一方、ホンダのフィットにかける意気込みもまた、まさに社運を賭ける思いだろう。最量販カテゴリーで、ホンダの商品作りを印象づけるモデルだけに、徹底的に市場を分析して、まったく新しいコンセプトで新型フィットを開発し、送り込んできた。
この2台を評価するのは松田秀士氏と中谷明彦氏。おふたりとも、トップカテゴリーレベルの豊富なモータースポーツ経験をベースに、鋭い視点で車両評価をする達人。お互いが、それぞれのクルマをどのように評価するのか!? こうご期待!!
※本稿は2020年4月のものです
文/ベストカー編集部、松田秀士、中谷明彦
写真/平野学
初出:『ベストカー』 2020年5月26日号
【画像ギャラリー】何がどう違う!? 注目のヤリス&フィットをすみずみまでチェック!!
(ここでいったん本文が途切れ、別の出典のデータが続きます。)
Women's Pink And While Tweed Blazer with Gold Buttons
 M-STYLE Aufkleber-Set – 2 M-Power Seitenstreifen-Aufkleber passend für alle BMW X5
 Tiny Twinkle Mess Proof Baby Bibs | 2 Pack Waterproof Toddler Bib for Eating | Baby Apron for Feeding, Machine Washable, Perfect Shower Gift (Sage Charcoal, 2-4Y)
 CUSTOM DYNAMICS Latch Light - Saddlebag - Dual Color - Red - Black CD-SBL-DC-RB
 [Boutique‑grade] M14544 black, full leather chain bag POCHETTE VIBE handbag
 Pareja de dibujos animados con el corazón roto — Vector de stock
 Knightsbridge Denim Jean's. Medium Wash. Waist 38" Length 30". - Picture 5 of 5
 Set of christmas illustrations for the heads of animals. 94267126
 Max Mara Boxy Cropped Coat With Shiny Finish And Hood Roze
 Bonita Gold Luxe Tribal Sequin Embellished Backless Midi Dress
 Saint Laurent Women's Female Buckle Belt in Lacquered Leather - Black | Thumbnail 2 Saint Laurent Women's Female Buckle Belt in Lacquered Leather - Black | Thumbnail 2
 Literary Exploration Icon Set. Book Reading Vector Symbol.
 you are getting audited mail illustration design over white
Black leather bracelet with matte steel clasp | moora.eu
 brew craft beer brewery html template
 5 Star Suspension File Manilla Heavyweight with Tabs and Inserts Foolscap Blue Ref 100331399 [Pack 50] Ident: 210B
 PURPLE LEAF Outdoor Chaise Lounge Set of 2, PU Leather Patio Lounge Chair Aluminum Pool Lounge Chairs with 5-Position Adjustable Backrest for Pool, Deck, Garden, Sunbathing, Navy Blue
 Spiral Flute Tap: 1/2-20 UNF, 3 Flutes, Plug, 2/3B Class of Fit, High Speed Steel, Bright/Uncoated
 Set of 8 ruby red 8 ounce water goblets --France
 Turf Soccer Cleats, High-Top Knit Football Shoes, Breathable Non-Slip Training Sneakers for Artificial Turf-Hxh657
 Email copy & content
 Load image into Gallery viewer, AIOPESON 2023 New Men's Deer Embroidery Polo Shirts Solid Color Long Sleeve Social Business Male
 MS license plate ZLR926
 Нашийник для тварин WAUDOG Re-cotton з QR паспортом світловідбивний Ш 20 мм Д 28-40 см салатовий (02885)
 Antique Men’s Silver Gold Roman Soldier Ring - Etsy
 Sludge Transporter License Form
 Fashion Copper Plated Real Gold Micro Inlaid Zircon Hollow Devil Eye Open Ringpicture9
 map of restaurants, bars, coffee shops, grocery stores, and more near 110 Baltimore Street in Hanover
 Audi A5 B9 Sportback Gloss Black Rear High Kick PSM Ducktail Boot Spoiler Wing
新開発プラットフォームを引っ提げてコンパクトカー市場に乗り込んできた!!
■先行 TOYOTA ヤリス
●松田秀士のインプレッション
ドライビングポジションが取りやすいと感じるのはテレスコ&チルト、そしてシートとのポジショニングが適切だから。Aピラーとナビディスプレイが若干視界の邪魔をするが、これは慣れの問題。8インチのディスプレイ配置が高いので、視線との移動量が少なく情報は見やすい。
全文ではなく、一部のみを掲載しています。